• [Caption-style text data]
-- Opening Marker --

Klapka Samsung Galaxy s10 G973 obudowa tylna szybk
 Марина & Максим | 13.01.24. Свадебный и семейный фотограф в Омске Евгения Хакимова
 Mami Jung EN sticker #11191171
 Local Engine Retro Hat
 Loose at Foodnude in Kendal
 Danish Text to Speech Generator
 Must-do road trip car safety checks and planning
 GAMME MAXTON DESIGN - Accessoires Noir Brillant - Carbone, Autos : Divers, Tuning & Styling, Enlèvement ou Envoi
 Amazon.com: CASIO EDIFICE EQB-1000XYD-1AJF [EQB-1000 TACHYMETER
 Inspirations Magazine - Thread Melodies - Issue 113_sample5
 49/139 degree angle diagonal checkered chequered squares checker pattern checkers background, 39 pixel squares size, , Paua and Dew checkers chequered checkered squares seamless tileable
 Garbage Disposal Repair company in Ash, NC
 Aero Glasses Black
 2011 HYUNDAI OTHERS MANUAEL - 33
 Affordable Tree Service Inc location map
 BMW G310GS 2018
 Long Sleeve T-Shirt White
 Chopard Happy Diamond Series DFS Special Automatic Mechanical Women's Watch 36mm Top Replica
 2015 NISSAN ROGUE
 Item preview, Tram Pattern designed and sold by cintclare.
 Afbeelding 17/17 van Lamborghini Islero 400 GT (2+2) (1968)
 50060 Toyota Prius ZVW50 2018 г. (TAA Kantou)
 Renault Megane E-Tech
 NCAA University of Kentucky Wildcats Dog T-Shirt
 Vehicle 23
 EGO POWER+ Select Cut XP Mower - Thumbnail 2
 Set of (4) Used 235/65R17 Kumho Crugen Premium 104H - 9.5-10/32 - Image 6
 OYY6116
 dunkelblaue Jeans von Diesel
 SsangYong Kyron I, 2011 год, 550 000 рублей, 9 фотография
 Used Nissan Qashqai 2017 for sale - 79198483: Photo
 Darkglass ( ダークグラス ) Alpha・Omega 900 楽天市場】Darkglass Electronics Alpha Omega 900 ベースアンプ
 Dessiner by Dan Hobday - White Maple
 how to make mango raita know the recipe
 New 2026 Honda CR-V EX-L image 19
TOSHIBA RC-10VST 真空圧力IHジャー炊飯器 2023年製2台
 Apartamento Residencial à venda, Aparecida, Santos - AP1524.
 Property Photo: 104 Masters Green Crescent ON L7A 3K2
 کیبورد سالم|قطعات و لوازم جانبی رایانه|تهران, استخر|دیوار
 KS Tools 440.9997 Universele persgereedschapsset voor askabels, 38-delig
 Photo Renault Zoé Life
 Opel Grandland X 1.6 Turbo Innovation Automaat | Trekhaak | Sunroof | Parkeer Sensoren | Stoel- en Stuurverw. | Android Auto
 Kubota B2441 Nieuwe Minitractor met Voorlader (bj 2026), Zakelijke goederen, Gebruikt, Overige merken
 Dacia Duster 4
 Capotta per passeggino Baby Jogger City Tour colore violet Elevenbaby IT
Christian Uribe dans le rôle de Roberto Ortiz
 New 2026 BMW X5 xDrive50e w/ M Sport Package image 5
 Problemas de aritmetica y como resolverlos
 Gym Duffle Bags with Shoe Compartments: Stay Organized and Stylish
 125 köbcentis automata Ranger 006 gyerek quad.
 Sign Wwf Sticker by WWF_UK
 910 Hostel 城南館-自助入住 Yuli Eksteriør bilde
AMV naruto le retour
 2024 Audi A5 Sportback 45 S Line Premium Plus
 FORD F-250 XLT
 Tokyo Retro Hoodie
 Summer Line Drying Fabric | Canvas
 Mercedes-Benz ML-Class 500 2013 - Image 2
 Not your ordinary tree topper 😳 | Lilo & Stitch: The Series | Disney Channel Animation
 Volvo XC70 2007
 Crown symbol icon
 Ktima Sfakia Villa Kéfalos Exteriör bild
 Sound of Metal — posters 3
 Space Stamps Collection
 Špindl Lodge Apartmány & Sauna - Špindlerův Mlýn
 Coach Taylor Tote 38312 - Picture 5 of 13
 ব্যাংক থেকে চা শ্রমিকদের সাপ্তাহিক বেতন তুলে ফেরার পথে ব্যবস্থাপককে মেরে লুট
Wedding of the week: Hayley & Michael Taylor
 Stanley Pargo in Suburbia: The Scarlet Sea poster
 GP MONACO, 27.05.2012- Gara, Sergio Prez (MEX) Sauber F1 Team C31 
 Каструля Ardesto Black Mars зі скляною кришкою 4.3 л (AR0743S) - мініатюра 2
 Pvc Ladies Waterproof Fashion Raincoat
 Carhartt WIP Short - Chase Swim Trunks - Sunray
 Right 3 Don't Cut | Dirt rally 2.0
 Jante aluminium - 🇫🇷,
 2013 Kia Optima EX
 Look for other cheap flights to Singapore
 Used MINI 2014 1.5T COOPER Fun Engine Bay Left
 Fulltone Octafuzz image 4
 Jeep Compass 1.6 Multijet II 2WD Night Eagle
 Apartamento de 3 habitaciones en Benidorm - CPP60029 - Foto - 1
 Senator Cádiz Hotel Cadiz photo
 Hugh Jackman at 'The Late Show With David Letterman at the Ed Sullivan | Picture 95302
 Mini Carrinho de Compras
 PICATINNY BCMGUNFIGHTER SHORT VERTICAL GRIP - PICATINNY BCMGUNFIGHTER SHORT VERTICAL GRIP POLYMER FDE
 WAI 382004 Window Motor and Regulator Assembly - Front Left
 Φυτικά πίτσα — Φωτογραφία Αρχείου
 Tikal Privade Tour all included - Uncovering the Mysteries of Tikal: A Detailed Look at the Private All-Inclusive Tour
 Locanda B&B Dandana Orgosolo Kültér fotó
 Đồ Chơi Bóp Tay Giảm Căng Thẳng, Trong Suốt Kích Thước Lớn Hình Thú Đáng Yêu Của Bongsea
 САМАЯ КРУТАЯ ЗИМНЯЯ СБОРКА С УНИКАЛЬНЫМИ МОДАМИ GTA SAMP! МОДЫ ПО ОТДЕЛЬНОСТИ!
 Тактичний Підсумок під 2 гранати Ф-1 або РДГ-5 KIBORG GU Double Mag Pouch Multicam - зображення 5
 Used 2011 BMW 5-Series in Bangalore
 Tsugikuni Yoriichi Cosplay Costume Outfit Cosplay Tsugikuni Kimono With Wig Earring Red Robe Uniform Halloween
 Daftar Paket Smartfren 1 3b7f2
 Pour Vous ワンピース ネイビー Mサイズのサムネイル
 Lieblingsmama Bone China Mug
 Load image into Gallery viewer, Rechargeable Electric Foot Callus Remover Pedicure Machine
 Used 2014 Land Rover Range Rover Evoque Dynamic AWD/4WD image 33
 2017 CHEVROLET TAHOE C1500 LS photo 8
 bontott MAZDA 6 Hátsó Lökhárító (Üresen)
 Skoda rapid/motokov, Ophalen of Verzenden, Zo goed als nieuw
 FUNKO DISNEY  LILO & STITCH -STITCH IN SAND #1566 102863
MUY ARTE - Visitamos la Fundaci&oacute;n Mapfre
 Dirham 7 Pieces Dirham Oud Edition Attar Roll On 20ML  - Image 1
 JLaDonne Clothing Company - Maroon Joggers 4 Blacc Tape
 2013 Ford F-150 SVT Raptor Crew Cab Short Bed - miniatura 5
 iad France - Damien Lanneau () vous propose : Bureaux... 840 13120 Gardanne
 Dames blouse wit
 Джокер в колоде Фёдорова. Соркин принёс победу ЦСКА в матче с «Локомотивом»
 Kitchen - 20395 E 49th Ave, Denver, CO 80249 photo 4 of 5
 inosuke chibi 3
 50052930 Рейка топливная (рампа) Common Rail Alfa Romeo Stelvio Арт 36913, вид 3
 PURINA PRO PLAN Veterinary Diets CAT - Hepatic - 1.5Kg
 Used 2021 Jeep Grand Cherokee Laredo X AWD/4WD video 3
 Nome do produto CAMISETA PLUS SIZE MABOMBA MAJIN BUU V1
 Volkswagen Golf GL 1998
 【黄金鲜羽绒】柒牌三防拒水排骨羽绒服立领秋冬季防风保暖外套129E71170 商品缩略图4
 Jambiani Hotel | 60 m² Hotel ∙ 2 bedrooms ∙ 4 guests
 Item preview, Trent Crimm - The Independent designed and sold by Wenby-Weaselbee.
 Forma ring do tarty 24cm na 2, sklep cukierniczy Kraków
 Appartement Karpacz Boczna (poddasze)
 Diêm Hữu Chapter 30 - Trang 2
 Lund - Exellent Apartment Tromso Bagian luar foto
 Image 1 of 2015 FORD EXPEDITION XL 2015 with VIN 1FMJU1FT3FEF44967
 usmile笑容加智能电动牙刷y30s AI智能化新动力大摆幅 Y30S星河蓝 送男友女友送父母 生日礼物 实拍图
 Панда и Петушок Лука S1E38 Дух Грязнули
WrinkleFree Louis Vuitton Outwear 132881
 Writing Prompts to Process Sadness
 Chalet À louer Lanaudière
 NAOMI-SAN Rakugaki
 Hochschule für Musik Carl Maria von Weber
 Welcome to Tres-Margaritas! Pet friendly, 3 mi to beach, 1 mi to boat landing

-- Closing Marker --

From the data above, return every line from the line that has "Φυτικά πίτσα — Φωτογραφία Αρχείου" up to and including the line that has "Locanda B&B Dandana Orgosolo Kültér fotó", exactly.

 Φυτικά πίτσα — Φωτογραφία Αρχείου
 Tikal Privade Tour all included - Uncovering the Mysteries of Tikal: A Detailed Look at the Private All-Inclusive Tour
 Locanda B&B Dandana Orgosolo Kültér fotó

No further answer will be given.